Comparative	/	/	/	/	5%	5/10	6/10
Example 1
Example 1	30	30	0.1	/	0.2%	0/10	1/10
Example 2	35	35	0.1	/	0.18%	0/10	0/10
Example 3	40	40	0.1	/	0.12%	0/10	0/10
Example 4	45	45	0.1	/	0.12%	0/10	0/10
Example 5	25	25	0.1	/	0.22%	1/10	1/10
Example 6	30	30	0.15	/	0.15%	0/10	0/10
Example 7	30	30	0.17	/	0	0/10	0/10
Example 8	30	30	0.08	/	0.25%	0/10	1/10
Example 9	30	30	0.1	30	0	0/10	0/10

It can be learned from Table 1 with a combination of Comparative Example 1 and Examples 1 to 9 that when a functional layer is adopted, the high-temperature failure rate of lithium-ion batteries may be effectively reduced. The functional layer can be melted at high temperatures, form an exhaust passage, and gas and heat is rapidly discharged, thereby reducing the high-temperature failure rate of lithium-ion batteries.

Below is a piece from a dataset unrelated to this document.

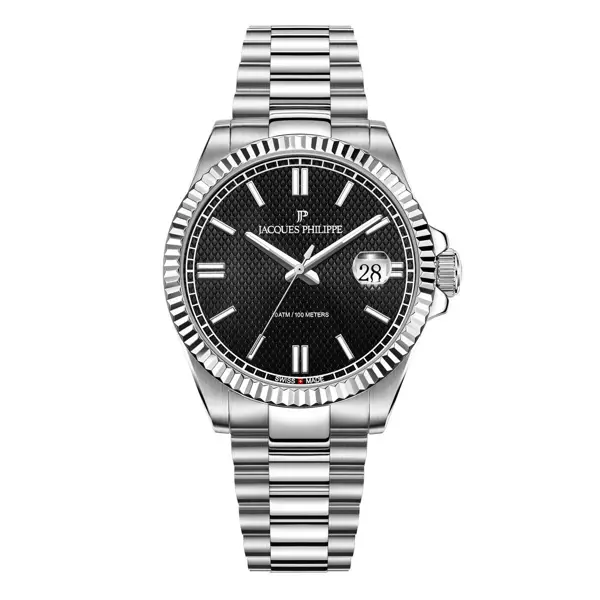 Jacques Philippe JPQGS591316V3 Erkek Kol Saati - Image 1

In Example 5, the thickness of the functional layer is 25 μm, which may lead to high-temperature failure. This is because the functional layer is too thin, resulting in an exhaust passage that is too small to rapidly discharge gas and heat. In combination with Examples 1 to 4, the preferred thickness of the functional layer in this application is 30 μm to 45 μm. In addition, when the thickness of the first insulating layer and the second insulating layer exceeds 45 μm, the reduction in production short-circuit rate is not significant. The preferred thickness of the first insulating layer and the second insulating layer in this application does not exceed 40 μm, that is, H1≤40 μm and H2≤40 μm. The functional layer may be integrally formed with the first insulating layer and the second insulating layer, with all three having the same thickness, that is, the thickness of the functional layer is preferably 30 μm to 40 μm.

In Example 5, the thickness of both the first insulating layer and the second insulating layer is 25 μm, which may lead to failure in the drop test, the insulating layer is too thin leads to insufficient strength of the metal strip, resulting in tearing during the drop. The preferred thickness of both the first insulating layer and the second insulating layer in this application is 30 μm to 40 μm, that is, 30 μm≤H1≤40 μm and 30 μm≤H2≤40 μm.

In combination with Example 1 and Example 8, the width of both the first insulating layer and the second insulating layer in Example 8 is smaller, which may also lead to insufficient strength of the metal strip, and both the production short-circuit rate and the drop test failure rate are higher than in those in Example 1. The preferred width of both the first insulating layer and the second insulating layer in this application is 0.1 mm to 0.17 mm.

In addition, providing the first insulating layer on the first region of the first surface, providing the second insulating layer on the second region, and providing the third insulating layer on the second surface may further improve the strength of the metal strip and isolate the metal strip, thereby further reducing the production short-circuit rate and drop test failure rate.

Finally, it should be noted that the foregoing embodiments are merely intended to describe the technical solutions of this application, and are not intended to limit this application. Under the idea of this application, the foregoing embodiments or the technical features in different embodiments can also be combined, the steps can be implemented in any order, and there are many other changes in different aspects of this application as described above, which, for the sake of brevity, are not provided in detail. Although this application is described in detail with reference to the foregoing embodiments, persons of ordinary skill in the art should understand that modifications can be made to the technical solutions described in the foregoing embodiments, or equivalent substitutions can be made to some technical features therein, and these modifications or substitutions do not make the essence of the corresponding technical solutions depart from the scope of the technical solutions of some embodiments of this application.